A Declaração Conjunta dos presidentes da Rússia e da China, na abertura da XXIV Olimpíada dos Jogos de Inverno, em Pequim, sinaliza para uma Nova Ordem Mundial
Carta ao Mundo de Rússia e China e o cinema de Oliver Stone: chaves para entender a guerra na Ucrânia

Angélica Torres (*) -

Os que assistiram à ousada minissérie As Entrevistas com Putin, de Oliver Stone, quando estreou mundialmente em 2016, podem não ter observado que a conversa em torno da Ucrânia é o único tema, do amplo espectro de assuntos polêmicos abordados, que perpassa os quatro episódios. Nem o jornalista, escritor, biógrafo Fernando Moraes, que ganhou de presente do cineasta os direitos de exibição da série no Brasil, destaca o mote, no vídeo em que apresentou o lançamento da série por meio do seu (hoje extinto) blog Nocaute e da TVT.

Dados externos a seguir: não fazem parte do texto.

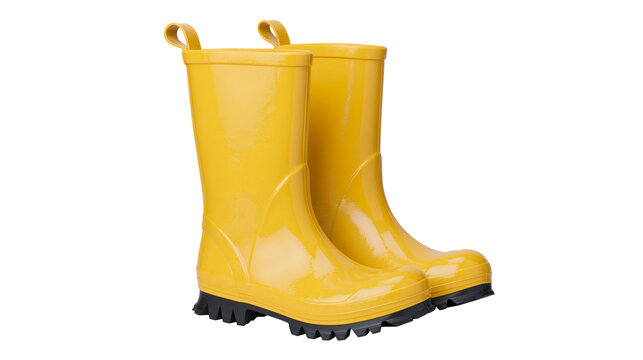 Pair of shiny yellow rubber rain boots with black soles, isolated on transparent background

A Ucrânia ainda não estava em cartaz como agora, senão, decerto, aos olhos bem abertos e às antenas ligadas de especialistas no xadrez geopolítico – o que prova, e atualmente mais ainda, a importância e a dimensão histórica da série, bem como a visão de longo alcance do cineasta historiador, roteirista, produtor e escritor nova-iorquino. Mais de 1,8 milhão de espectadores a assistiram, segundo notificação da TVT. Mas quem ainda não viu, deveria ver e quem viu há anos, também devia revê-la, para ter maior amplitude de análise do conflito deflagrado na região. Afinal, somos um contingente de 216,6 milhões de cidadãos.

Além das questões da Ucrânia colocadas por Putin, e de outras tantas, louvando o que deve ser louvado e deixando o que é ruim de lado, ainda mais importante é observar que no substrato de suas conversas com Oliver Stone, o que ressalta é a mesma posição, seis ou mais anos depois, anunciada ao mundo na Declaração Conjunta dos presidentes da Federação Russa e da República da China, em 4 de fevereiro passado, na abertura da XXIV Olimpíada dos Jogos de Inverno, em Pequim, sobre a Nova Ordem Mundial que o bloco oriental almeja.

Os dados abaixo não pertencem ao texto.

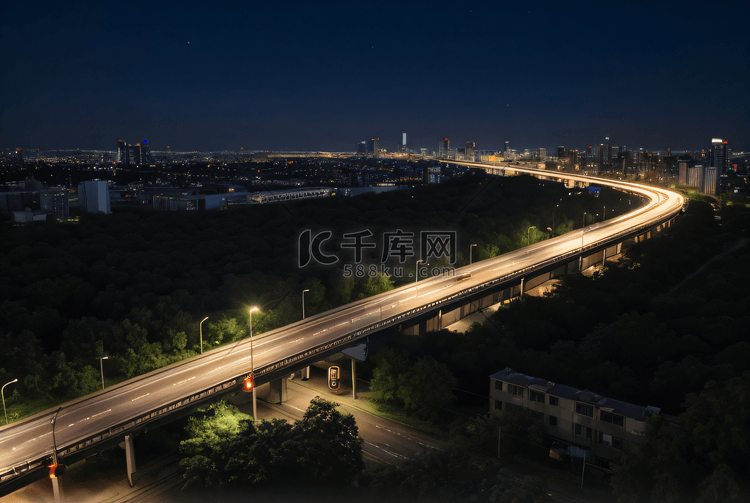 夜晚城市高架交通高清摄影图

“É preciso construir um novo mundo, o dos que pensam no futuro para daqui a uns 25 a 50 anos”, Putin diz textualmente ao Stone, “com relações multilaterais entre os países e povos, porque o tenso e perigoso mundo bipolar do pós-guerra e o unipolar do fim da URSS não interessam nem servem mais”.

Putin repete isso também em outros trechos dos quatro episódios; no último, ilustra esse ideário com ironia sutil, uma explícita e pontual crítica ao decadente protocolo dos presidentes norte-americanos, mas também aos da antiga URSS, “como se nada mais de importante tivessem a fazer” (do que, pendurar medalhas em seus pescoços...).

A guerra de informação

A muitos dos que insistem nos chavões de “machista, homofóbico, sanguinário, assassino, ditador, czar, demônio”, a personagem de Vladimir Putin revelada pela mão do cineasta causa surpresas. Quando não, enfurece ainda mais os russófobos de plantão, ou lhes enfatiza a putinfobia, com clássicas reações, do tipo: “Vi a metade do primeiro episódio, o Oliver vai continuar assim chapa-branca a entrevista inteira”?

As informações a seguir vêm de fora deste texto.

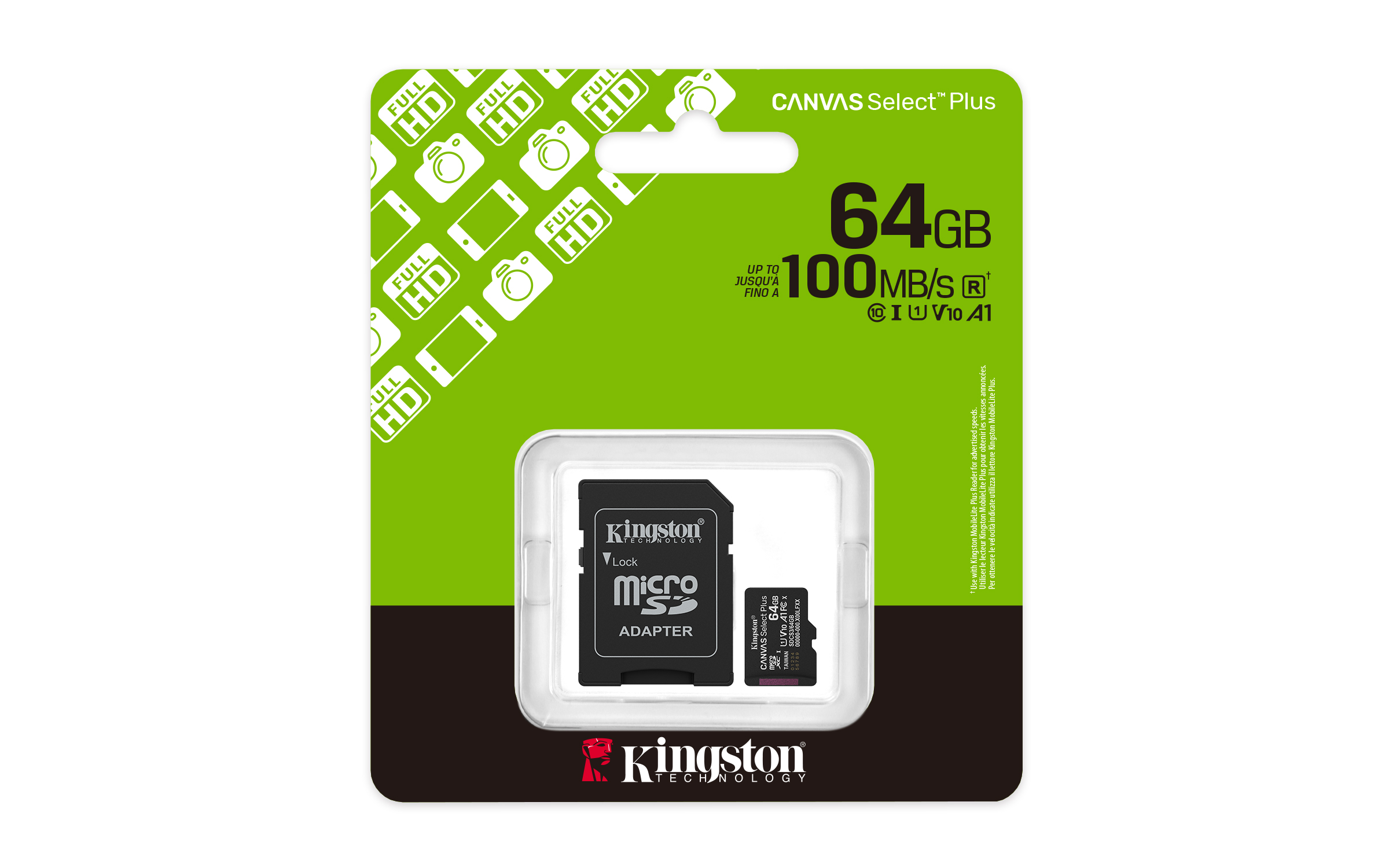 Kingston Canvas Select Plus/Micro SDXC/64GB/UHS-I U1 / Class 10/+ Adaptér / SDCS3/64GB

Pela clara postura anti-imperialista adotada em sua obra cinematográfica, (Platoon, Snowden, A história não contada dos E.U., entre outros), Oliver Stone é sim um red, mas não ao estilo Reed – (John Reed), o jornalista norte-americano, que está enterrado na Praça Vermelha em Moscou.

Este personagem, que figura na História mundial por seu heroico relato testemunhal em primeira mão da derrubada do império russo e tomada do poder em 1917 pelos comunistas, interpretado por Warren Beatty em Os 10 dias que abalaram o mundo, recebe de Oliver Stone uma pincelada de orgulho em tom didático e charmoso à sua equipe técnica, já quase ao final da série, indo todos juntos conhecer o mausoléu de Lênin – aonde ele faz também uma curiosa e significativa observação acerca do “carma” do líder dos bolcheviques.

Do tratamento diplomático inicial do documentarista/repórter no episódio 1 das Entrevistas, desenvolve-se uma relação entre dois cavalheiros de privilegiada inteligência que, num crescendo até o episódio 4, agem como num duelo de esgrimistas, cada um em sua área. E o cineasta obtém relatos surpreendentes de Putin, nunca antes possíveis de conhecer, considerando-se a imagem do líder temido e odiado pela difamação e censura, que ao monopólio midiático estadunidense interessa manter sempre em alta.

Como produtor executivo e estrela das entrevistas do documentário A Ucrânia em chamas, Oliver Stone também colaborou com as denúncias ao golpe de estado da CIA neste país, mãe da Rússia, que culminou na explosiva situação atual – o que confere ainda mais legitimidade e credibilidade a ele (e ao seu trabalho), como cidadão norte-americano e amante que é de seu país, independentemente de suas posições ideológicas.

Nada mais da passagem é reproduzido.